▸ Exercise description
Exact wording is required: transcribe all the entries and leave the images out.

▸ Exercise data
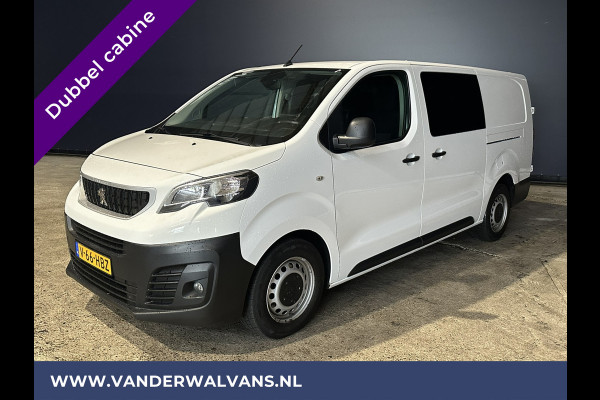 Peugeot Expert 2.0 BlueHDI 123pk L3H1 Dubbele cabine Euro6 Airco | 2x Zijdeur | Navigatie | 6-Zits 2500kg Trekhaak, Parkeersensoren, Apple Carplay, Android Auto, Cruisecontrol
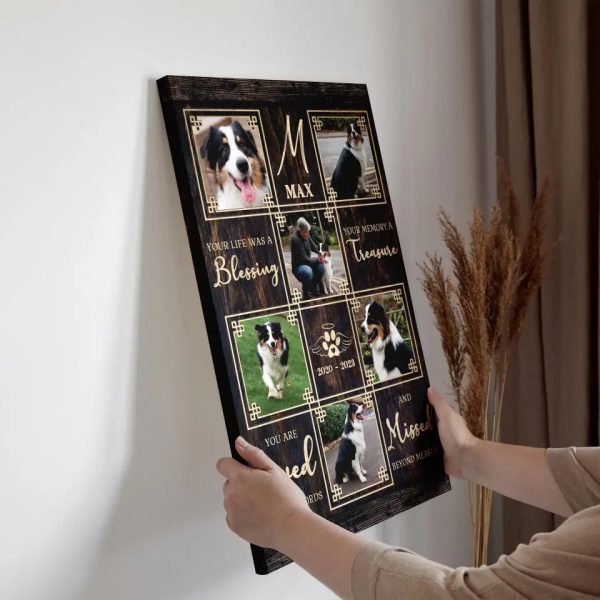 Personalized Canvas Prints, Custom Photo, Gift For Pet Loss, Pet Bereavement Gift, Pet Sympathy Gift Dem Canvas - Image 8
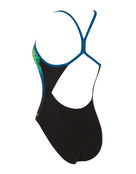 Zoggs - Cyber Sprintback Swimsuit - Black/Blue - Product Back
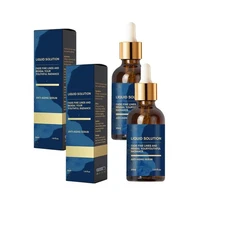 Liquid Solution Anti Aging Serum, Olavita Serum Facial clear 2PC NEW USA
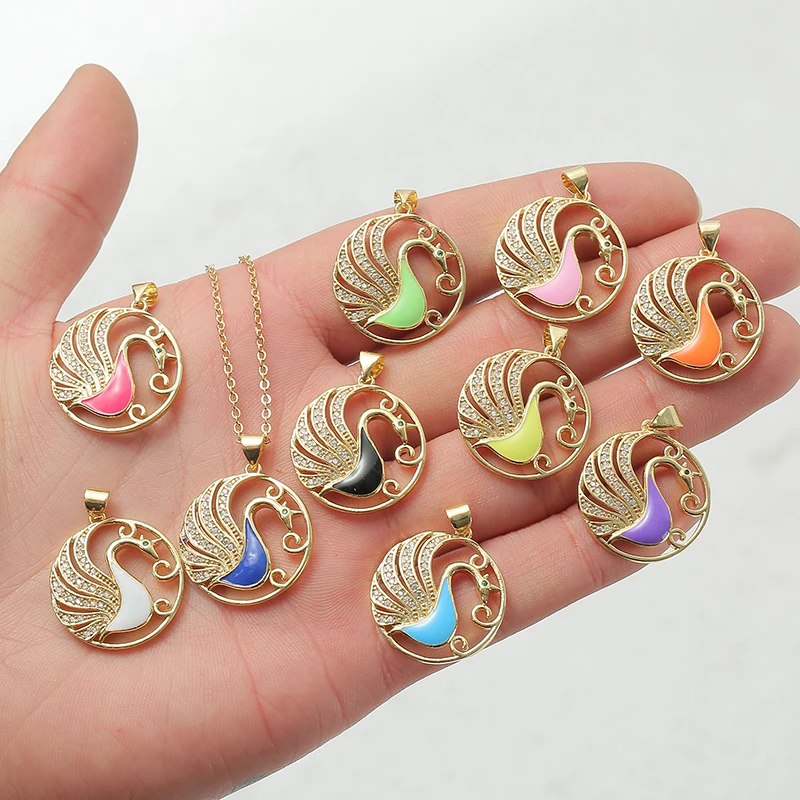 5pcs/lot Colorful Hollow Bird Phoenix Charms Copper CZ Zircon Pendant DIY Necklace Craft for Jewelry Making Accessories
5pcs/lot Colorful Hollow Bird Phoenix Charms Copper CZ Zircon Pendant DIY Necklace Craft for Jewelry Making Accessories
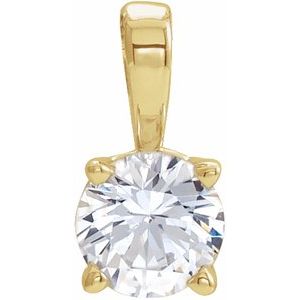 1/2 Ct Natural Diamond Birthstone Pendant (Style 653498)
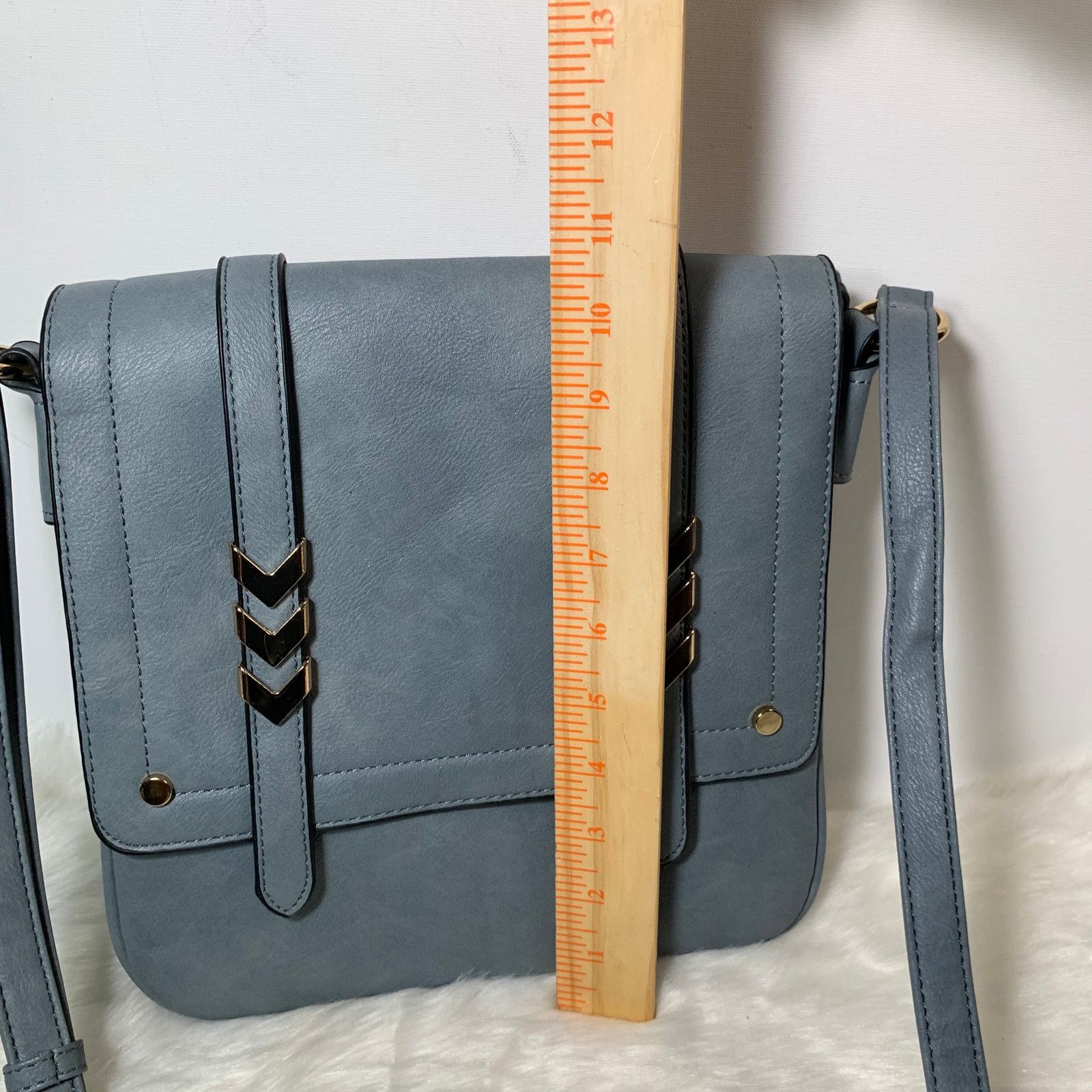 Other Women's Crossbody Blue Faux Leather Bag Size ONE SIZE - 6 Thumbnail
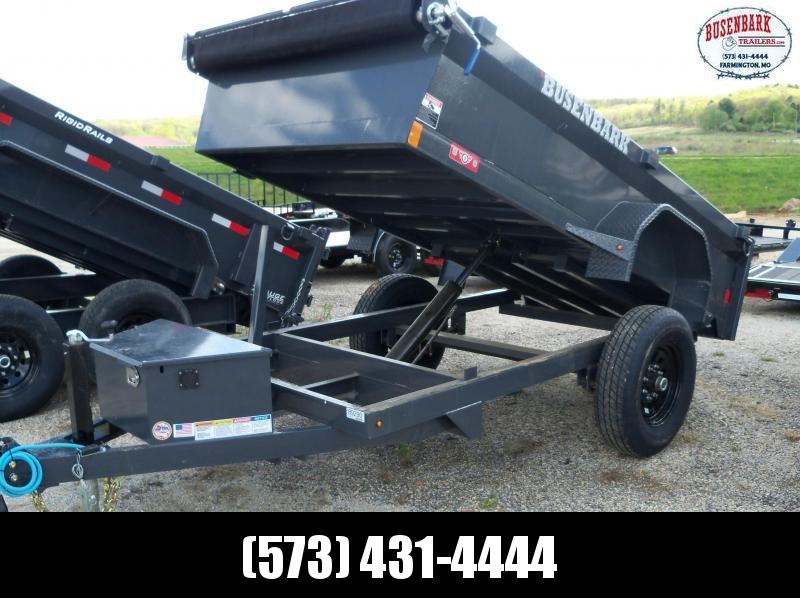 10X060 Lamar Charcoal Mini Dump Trailer 1 Axle DS601017 10X060 Lamar Charcoal Mini Dump Trailer 1 Axle DS601017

▸ Exercise result
 Peugeot Expert 2.0 BlueHDI 123pk L3H1 Dubbele cabine Euro6 Airco | 2x Zijdeur | Navigatie | 6-Zits 2500kg Trekhaak, Parkeersensoren, Apple Carplay, Android Auto, Cruisecontrol
 Personalized Canvas Prints, Custom Photo, Gift For Pet Loss, Pet Bereavement Gift, Pet Sympathy Gift Dem Canvas - Image 8
 Zoggs - Cyber Sprintback Swimsuit - Black/Blue - Product Back
 Liquid Solution Anti Aging Serum, Olavita Serum Facial clear 2PC NEW USA
 5pcs/lot Colorful Hollow Bird Phoenix Charms Copper CZ Zircon Pendant DIY Necklace Craft for Jewelry Making Accessories
5pcs/lot Colorful Hollow Bird Phoenix Charms Copper CZ Zircon Pendant DIY Necklace Craft for Jewelry Making Accessories
 1/2 Ct Natural Diamond Birthstone Pendant (Style 653498)
 Other Women's Crossbody Blue Faux Leather Bag Size ONE SIZE - 6 Thumbnail
 10X060 Lamar Charcoal Mini Dump Trailer 1 Axle DS601017 10X060 Lamar Charcoal Mini Dump Trailer 1 Axle DS601017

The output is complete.